Multi-Level Intervention Action Space (How to Supervise)

Action Intensity Trigger Condition Description
approve Lowest \(c_{inefficient}\) Permits valid repetitive behavior to continue
provide_guidance Moderate \(c_{error}, c_{inefficient}\) Appends guidance hints to correct the reasoning path
correct_observation High \(c_{error}, c_{excessive}\) Replaces or purifies the raw observation content
run_verification Highest \(c_{error}\) Invokes a verification sub-agent for external fact-checking

Core Design Principles

  • Non-invasive: Does not modify the underlying agent architecture.
  • Adaptive: Supervision is triggered only at high-risk nodes, not at every interaction.
  • Memory-augmented: SupervisorAgent maintains a more comprehensive view of system state than any individual agent.

Key Experimental Results

Main Results on GAIA Benchmark

Method Avg. Accuracy Avg.
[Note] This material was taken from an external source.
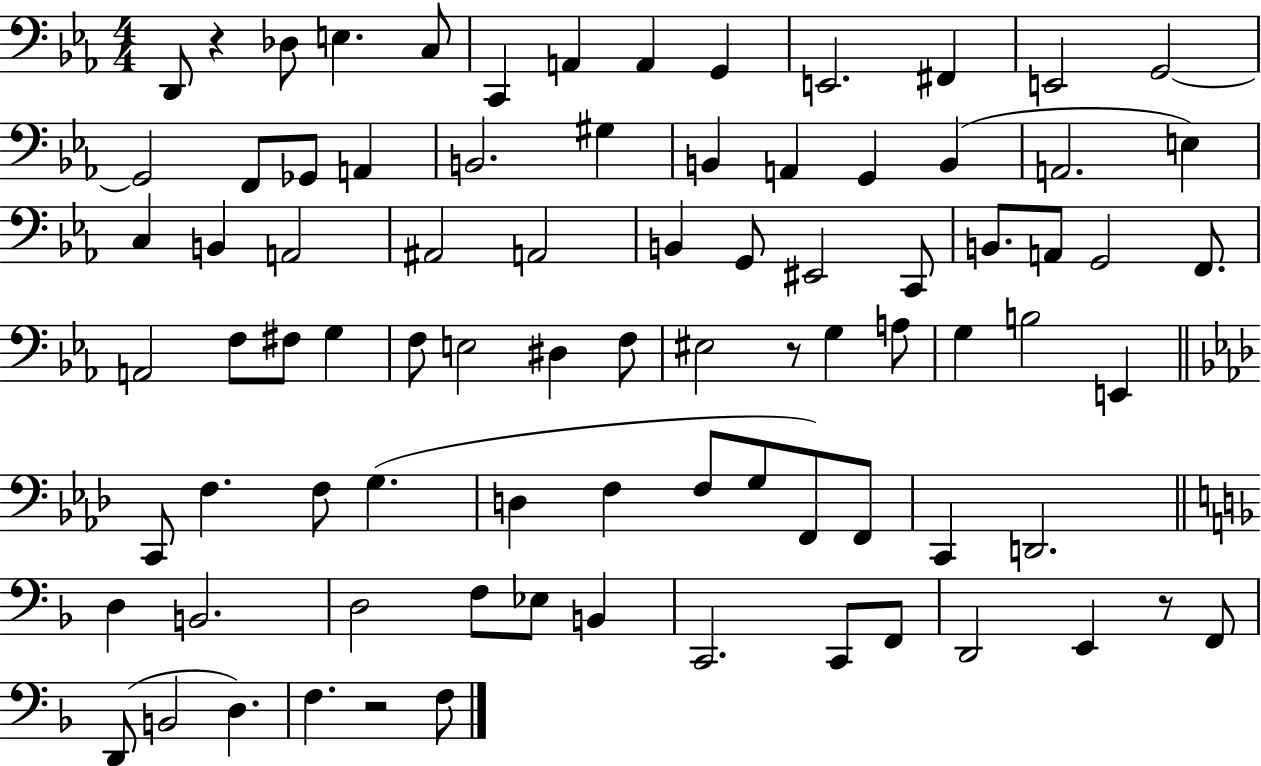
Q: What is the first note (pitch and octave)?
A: D2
Tokens (K) L2 Tokens (K)
CodeAgent 40.00 120.40
Smolagent (pass@1) Baseline Baseline
SMAS (pass@1) On par −29.68% −35%

Detailed Analysis on GAIA Level 2

Metric Smolagent SMAS Improvement
Token consumption Baseline −35% Significant
Variance Baseline −63% Substantially reduced
Number of steps (case) Baseline −43% Significant

Cross-Benchmark Validation

Benchmark Domain Token Reduction Accuracy Change
HumanEval Code generation −23.74% Improved
MBPP Code generation Significant On par / improved
AIME 2024 Math reasoning Reduced On par
GSM8k-Hard Math reasoning Reduced On par
DROP QA Reduced On par

Key Findings

  1. A 23.74% token reduction on HumanEval is achieved simultaneously with an improvement in accuracy.
  2. SupervisorAgent is effective across GPT-4.1, Gemini-2.5-pro, and the Qwen3 model series.
  3. The adaptive filter effectively controls supervision overhead, avoiding redundant checks on every interaction.
  4. Case studies show that a single successful supervisory intervention can reduce token consumption by more than 70%.

Highlights & Insights

  • Real-time proactive intervention vs. post-hoc analysis: A paradigm shift from reactive to proactive supervision.
  • Pareto improvement: Token consumption is reduced without sacrificing — and in some cases while improving — task success rate.
  • LLM-free filter: A key innovation lies in using simple heuristics rather than an LLM to determine when to supervise.
  • Orthogonal to existing methods: The framework can be stacked on top of any existing MAS framework.
  • Substantially reduced variance: The resulting system exhibits more stable and reliable behavior.

Limitations & Future Work

  • The adaptive filter relies on predefined heuristic rules and may fail to capture emerging categories of high-risk interactions.
  • The LLM calls made by SupervisorAgent itself incur costs, necessitating a trade-off between supervision benefit and supervision overhead.
  • Validation is primarily conducted on the Smolagent framework; adaptation to other MAS frameworks may require non-trivial adjustments.
  • The framework has limited applicability to purely conversational tasks that do not involve tool use.
  • Failure attribution: Post-hoc analysis methods such as Aegis and AgenTracer.
  • Efficiency optimization: AgentDropout (agent pruning), MetaAgent (design-time topology optimization).
  • Context compression: Observation summarization and distillation.

Rating

  • Novelty: ⭐⭐⭐⭐ — The concept of runtime supervision is novel; the non-invasive design is practically valuable.
  • Technical Depth: ⭐⭐⭐ — The method is relatively intuitive with moderate technical complexity.
  • Experimental Thoroughness: ⭐⭐⭐⭐⭐ — 6 benchmarks × multiple backbone models × detailed case analysis.
  • Practicality: ⭐⭐⭐⭐⭐ — Directly deployable; of significant value for reducing MAS operational costs.